Assuming GOR means Gas, Oil, Reserves then you read me right.
GOR stands for Gas-Oil-Ratio. It quantifies the amount of natural gas contained within oil under in-situ conditions. When pressure is released and the temperatures changes, the gas comes out of solution and results in an amount of gas for a given amount of oil. Oils in the reservoir are named as undersaturated and saturated depending on whether or not they contain as much gas as they can, or not. Once an oil is saturated under a given set of conditions, buoyancy allows "free gas" to form a cap on top of the oil column, the oil no longer able to absorb any more.
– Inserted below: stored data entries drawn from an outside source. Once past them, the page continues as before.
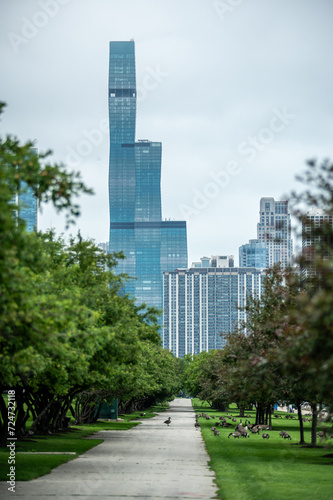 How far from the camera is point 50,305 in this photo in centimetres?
1620

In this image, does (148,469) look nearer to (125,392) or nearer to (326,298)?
(326,298)

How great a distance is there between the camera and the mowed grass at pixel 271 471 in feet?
63.2

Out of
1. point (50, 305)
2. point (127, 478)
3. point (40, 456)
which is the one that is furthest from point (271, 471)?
point (50, 305)

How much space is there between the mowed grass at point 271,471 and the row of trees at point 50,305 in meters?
5.40

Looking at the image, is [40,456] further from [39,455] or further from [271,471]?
[271,471]

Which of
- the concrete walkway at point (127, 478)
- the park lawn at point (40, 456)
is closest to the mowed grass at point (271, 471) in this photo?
the concrete walkway at point (127, 478)

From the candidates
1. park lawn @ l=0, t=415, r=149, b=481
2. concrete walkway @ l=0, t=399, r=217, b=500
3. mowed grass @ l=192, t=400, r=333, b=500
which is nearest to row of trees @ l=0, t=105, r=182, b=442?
park lawn @ l=0, t=415, r=149, b=481

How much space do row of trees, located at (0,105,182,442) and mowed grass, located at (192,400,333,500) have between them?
5402 mm

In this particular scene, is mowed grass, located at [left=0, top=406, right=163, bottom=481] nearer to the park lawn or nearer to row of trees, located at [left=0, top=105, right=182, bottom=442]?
the park lawn

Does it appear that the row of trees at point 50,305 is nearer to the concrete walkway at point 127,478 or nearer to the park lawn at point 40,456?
the park lawn at point 40,456

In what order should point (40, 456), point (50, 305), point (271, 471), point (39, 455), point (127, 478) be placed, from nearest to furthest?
point (50, 305) → point (127, 478) → point (271, 471) → point (40, 456) → point (39, 455)

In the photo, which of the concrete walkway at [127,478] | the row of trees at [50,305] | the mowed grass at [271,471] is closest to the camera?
the row of trees at [50,305]

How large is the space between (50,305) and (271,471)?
12.5 m

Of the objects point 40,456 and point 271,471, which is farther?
point 40,456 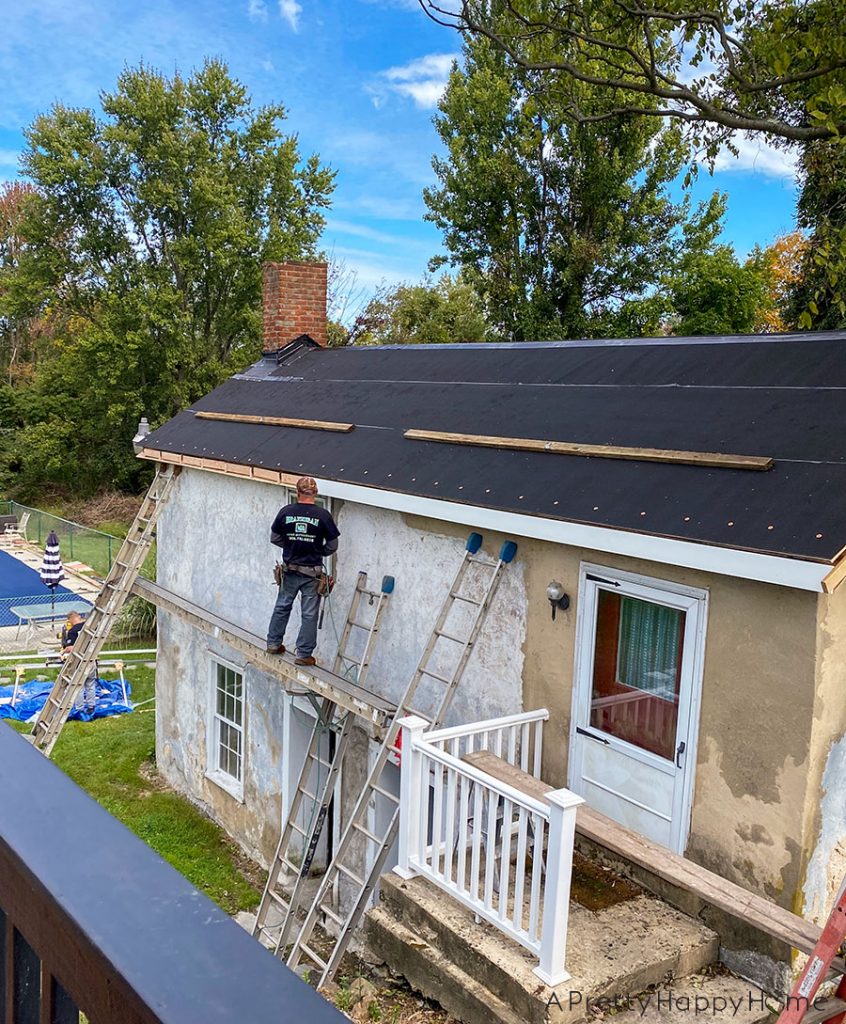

william the wie said:Coal seams that are too expensive to mine for coal generally are cheap enough to drill for natural gas. In Russia as in the US too expensive to mine coal fields have been used as gas fields for a long time. But in Russia because of latitude, size and poorer logistical endowment a much higher percentage of coal fields fall into to the too expensive to mine but not too expensive to use as gas fields category. Australia for example uses the same technique, primarily to make coal mining cheaper and safer and then found that it had a lot of NG and other gases that they need a market for.
China does it as well. Quite extensively as a matter of fact. But gas in coal seams isn't the issue when discussing where most of the natural gas from Russia comes from (conventional gas fields).